Non chiamatela pace, se accetta che siano violati i diritti delle persone e dei popoli, sanciti dalla Carta dell’Onu e dal Diritto internazionale.
Non chiamatela pace, se è costruita sulla pelle della vittima e concede vantaggi al carnefice.
Non chiamatela pace, se stabilisce il principio che chi invade un Paese ha diritto di fare quello che vuole impunemente e di trattare, poi, da posizioni di forza.
Non chiamatela pace, se è basata sulla paura che l’aggressore possa ulteriormente abusare della sua potenza distruttrice.
Tutto questo non è pace.
E’ una legittimazione della sopraffazione.
Un trionfo della prepotenza contro il diritto.
È un atto di vigliaccheria.
Una resa immorale e irresponsabile che confligge con la civiltà che abbiamo costruito dopo le due sanguinose guerre mondiali.
È un oltraggio anche alle basi della religione cristiana.
Invocare la pace non può essere uno slogan ad effetto, un espediente per sentirsi con la coscienza a posto o, peggio, un alibi per fuggire dalle proprie responsabilità.
Nessuna pace può chiudere un occhio sulla violazione della sovranità nazionale e dell’integrità territoriale di uno Stato membro dalle Nazioni Unite.
Costruire la pace significa guardare in faccia alla cruda realtà, battersi senza se e senza ma per il rispetto dei principi umani e della convivenza civile internazionale.
Chi vuole la pace non consideri il diritto alla difesa un abuso.
Se le armi servono a difendere chi è stato aggredito, quelle armi servono alla pace perché riequilibrano i rapporti di forza, presupposto per una trattativa senza umiliazioni.

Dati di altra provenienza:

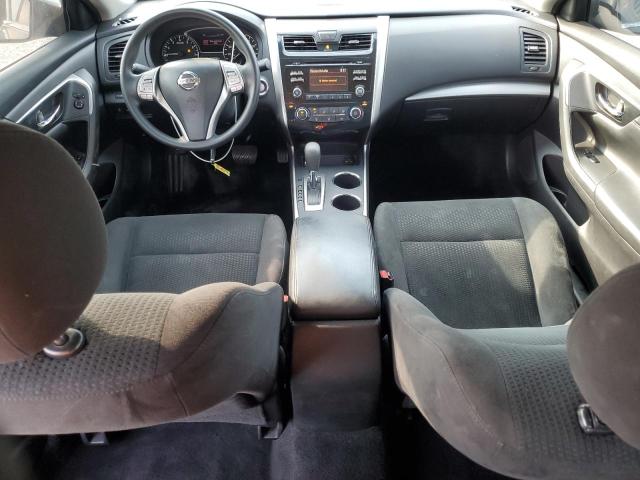 Photo 8 from auction – 2015 NISSAN ALTIMA 2.5 with VIN 1N4AL3AP7FC477613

Non concedere vantaggi a Putin è l’unico modo che abbiamo per riannodare un dialogo con la Russia e farla tornare amica dell’Europa. Se invece il nazionalismo incendiario dello zar avrà la meglio non ci sarà pace. Nessun Paese europeo si sentirà sicuro e allora tutto potrà succedere, anche il peggio. Che i pacifisti a buon mercato pensano di scongiurare mettendosi le bende sugli occhi.